The low prices of fast fashion companies such as Shein may be attractive to a customer looking for a deal, but many who shop there are often disappointed by the clothing they receive. 

SBHS senior Ariana Genao is very familiar with Shein, and gets most of her clothes from the website. 

“I’ve spent like $400 dollars on Shein,” said Genao. 

Genao recognizes the cheap material of the majority of the clothes she receives, but continues to buy because of the low prices.

“It’s worth it because I’m able to find my style of clothes on Shein and I can’t really get that anywhere else,” said Genao.

Sacrificing the quality of clothes because they’re your style is a choice many people have made since the rise of fast fashion websites like Shein, but the decision may have unforeseen consequences.

According to Business Insider, the fast fashion industry contributes to over 92 million tons of waste every year, with the numbers continuing to rise. In the CNN article CNN estimates the average life expectancy for clothing worn everyday would be more than two years, but statistics posted by the Guardian show most Shein shoppers will throw them out after just a few times wearing them.
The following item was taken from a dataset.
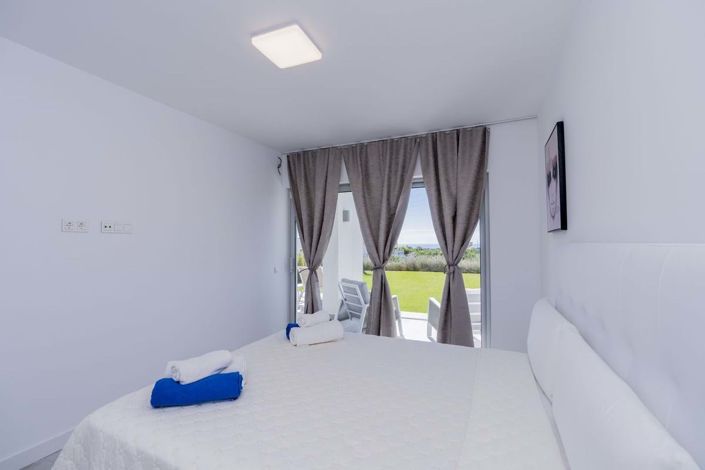 Image No.20-2 Bed Apartment for sale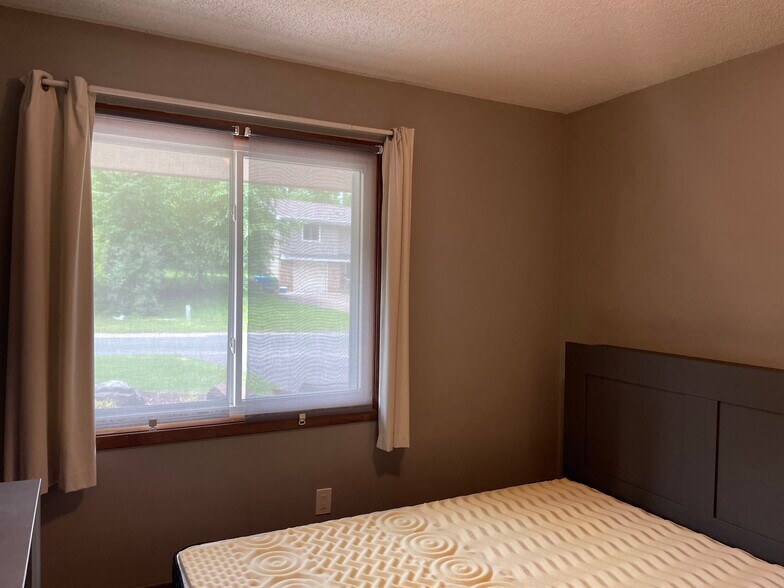 Window - 5665 Wood Duck Cir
Ariela Brody, freshman at South Broward, takes pride in her sustainable fashion choices. Brody gets most, if not all of her clothing from second hand thrift stores. Brody learned about Shein through Tiktok three years ago, but never bought anything from the website.

“Even though the clothes on Shein were cute, I knew how bad fast fashion was for the environment,” said Brody.

Clothes that end up in landfills can take 200 years to fully decompose, and greenhouse gasses and toxins are released in the process. According to the BBC, 85% of clothes in the United States end up in landfills or burned. With the rise of fast fashion in recent years, Brody believes the number will continue to grow.

“The clothes on shein are very trendy, so in a month something you bought could already be out of date, which is why people buy so often,” said Brody.

  Shein caters to the younger generation, and with the internet constantly providing consumers with new fashion micro trends, Shein and other fast fashion companies have to work twice as hard to keep up with the wants of their customers. According to Shein revenue and usage statistics, they produce 2,000 new items a day on average for shoppers to buy. Workers work 18 hours a day for about $3.50 for each piece of clothing made according to a report made by Britain’s Channel 4.

“It’s cruel to put the workers under such bad working conditions to make clothes that’ll be thrown out in a week,” said Brody.

Shein refuted the claims, but Channel 4’s investigation shows evidence of the exploitative conditions described in their report. 

“By the time people realize the damage fast fashion does ove

rall, it’ll be too late to do anything about it,” said Brody.